## What to produce
When you come to a picture, pass over it, and set down the entries below exactly.

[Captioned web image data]
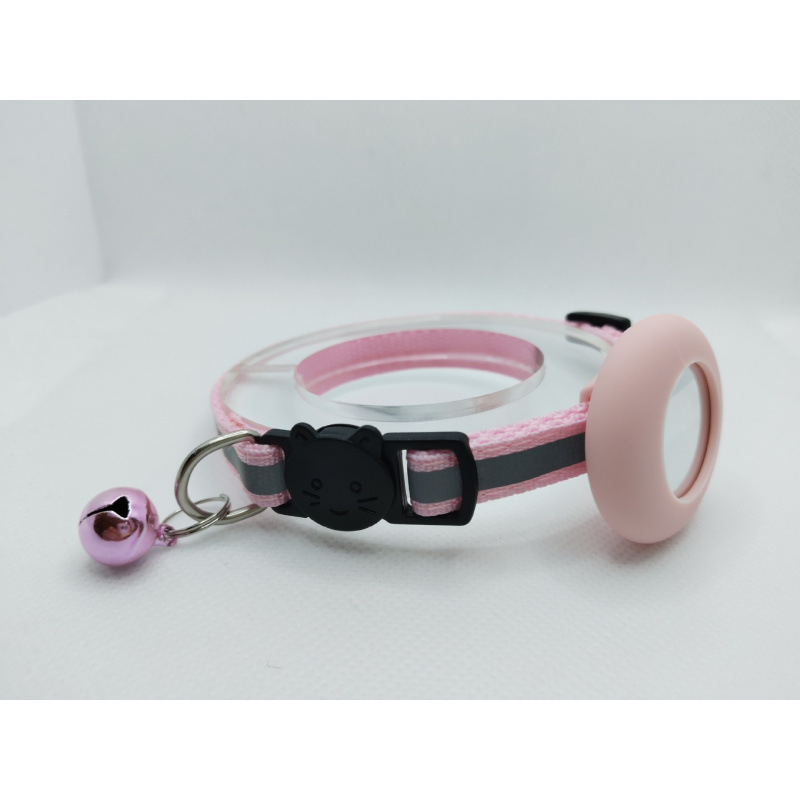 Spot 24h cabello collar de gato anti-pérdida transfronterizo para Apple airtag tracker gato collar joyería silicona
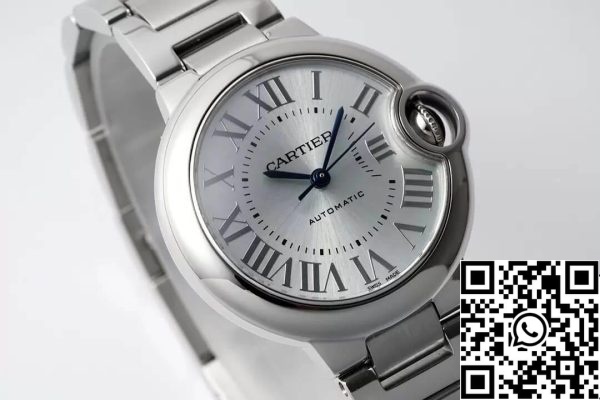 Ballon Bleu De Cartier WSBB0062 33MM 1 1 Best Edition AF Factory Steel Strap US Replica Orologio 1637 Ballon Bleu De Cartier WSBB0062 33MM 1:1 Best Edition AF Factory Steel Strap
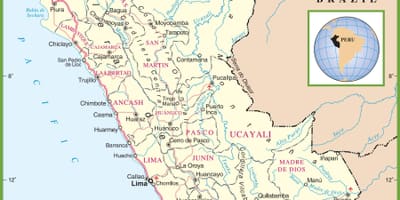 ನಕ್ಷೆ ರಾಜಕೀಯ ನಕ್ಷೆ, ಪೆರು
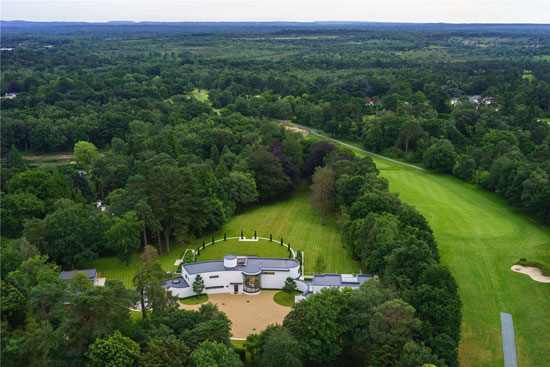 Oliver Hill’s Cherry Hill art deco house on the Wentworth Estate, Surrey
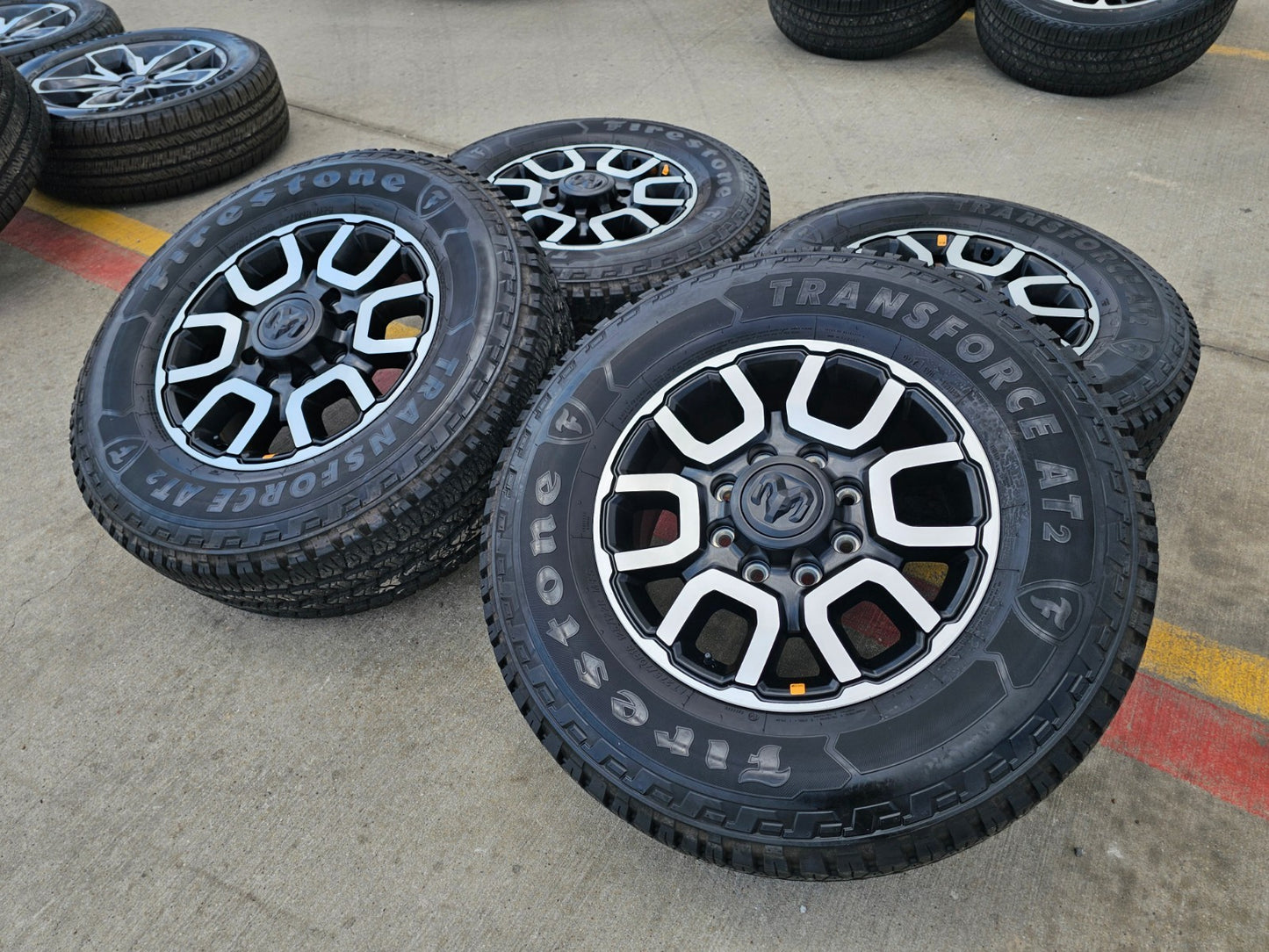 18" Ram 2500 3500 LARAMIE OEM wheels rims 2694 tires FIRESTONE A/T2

## Answer to this exercise
 Spot 24h cabello collar de gato anti-pérdida transfronterizo para Apple airtag tracker gato collar joyería silicona
 Ballon Bleu De Cartier WSBB0062 33MM 1 1 Best Edition AF Factory Steel Strap US Replica Orologio 1637 Ballon Bleu De Cartier WSBB0062 33MM 1:1 Best Edition AF Factory Steel Strap
 ನಕ್ಷೆ ರಾಜಕೀಯ ನಕ್ಷೆ, ಪೆರು
 Oliver Hill’s Cherry Hill art deco house on the Wentworth Estate, Surrey
 18" Ram 2500 3500 LARAMIE OEM wheels rims 2694 tires FIRESTONE A/T2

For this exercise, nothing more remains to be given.